● Description of the task
Without pictures, return the lines from the one containing "SkinVinyyli Tabletit mattapinta" through the last line of the data below, exactly.

● Available data
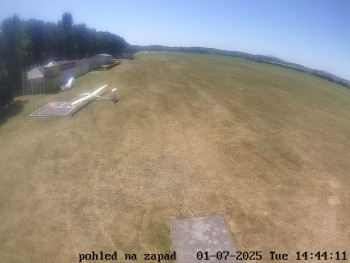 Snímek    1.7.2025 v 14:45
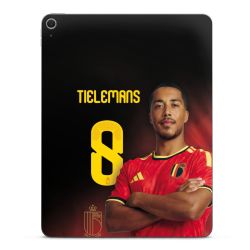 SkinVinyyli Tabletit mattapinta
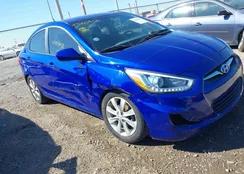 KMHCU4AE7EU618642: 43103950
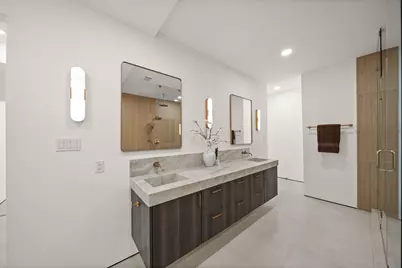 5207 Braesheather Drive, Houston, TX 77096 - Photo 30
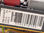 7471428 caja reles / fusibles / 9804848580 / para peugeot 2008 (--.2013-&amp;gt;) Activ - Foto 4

● Written reply
 SkinVinyyli Tabletit mattapinta
 KMHCU4AE7EU618642: 43103950
 5207 Braesheather Drive, Houston, TX 77096 - Photo 30
 7471428 caja reles / fusibles / 9804848580 / para peugeot 2008 (--.2013-&amp;gt;) Activ - Foto 4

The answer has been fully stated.